Inside UTF-8

Let us briefly look at how computers store and display text.

ASCII is an old encoding system for storing characters as ones and zeroes. The ASCII standard uses 7 bits to represent 128 different symbols: numbers, English letters, control codes and supplementary symbols.

Here is an example of the lowercase letter "x" encoded with ASCII:

01111000

Converted to decimal, this is the number 120, which represents the letter "x" in the ASCII table. Other symbols use the same logic - each character has a decimal representation, which in turn is converted to a binary value.

Despite using only 7 bits, each ASCII character is stored in a byte (8 bits) for convenience. This is why the first bit is always a zero.

But 128 values is not enough if you want to store and display anything other than English alphabet. For things like Cyrillic characters, you need Unicode.

The vast majority of the computer world uses UTF-8, which is one of the encodings of Unicode. It uses up to 4 bytes (32 bits) to store data, and it can theoretically be used to represent 1.1 million unique characters. As of 2024, the standard defines almost 150,000.

The first 128 characters are the same as found in ASCII, and they are also stored in one byte (8 bits).

The lowercase letter "x" also looks like this in UTF-8:

01111000

Again, when the character is stored in one byte, the first bit is always 0.
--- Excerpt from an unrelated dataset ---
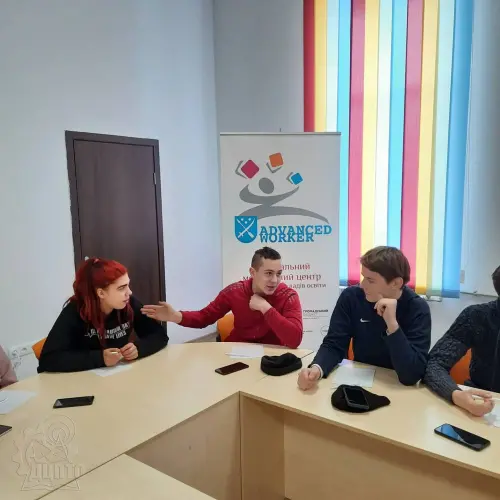 Всесвітній День Безпеки в Інтернеті 2021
But what if we want to display the Cyrillic character "Є", which is not in ASCII? In UTF-8, this letter is represented by the number 1028. To store it, you would need to use two bytes (16 bits):

11010000 10000100

Here it gets interesting. If you convert these 16 bits to decimal, you will get 53380, not 1028. This is because not only does UTF-8 need to store a number, it also needs to help the computer read it.
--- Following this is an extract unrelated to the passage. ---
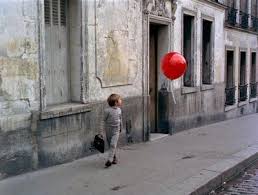 Made for my media, society, and the individual course at apsu. The Red Balloon By Albert Lamorisse Red Balloon Balloons Love Posters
When two or more bytes are needed, the first byte will start with as many ones as there are bytes, followed by a zero. This is an instruction for the computer. In our case, the first byte starts with 110, which means that there are two bytes in total. After that we have 10000, which is the first part of the actual number.

The following bytes will always start with 10 to indicate that they are part of the bigger value. Here, the second byte starts with 10, so the relevant bits are 000100.

Combined, we get the number 10000 000100, which is 1028 when converted to decimal.

The same applies for three-byte characters. Here's what the encoding of the euro sign "€" looks like:

11100010 10000010 10101100

When we remove all of the "instructional" bits at the start of each byte, we get 0010 000010 101100, or 8364 in decimal.

And finally, here's the blueprint to store any four-byte character:

11110xxx 10xxxxxx 10xxxxxx 10xxxxxx

That's pretty much it. I hope it either gets you excited about character encodings or at least makes them less scary.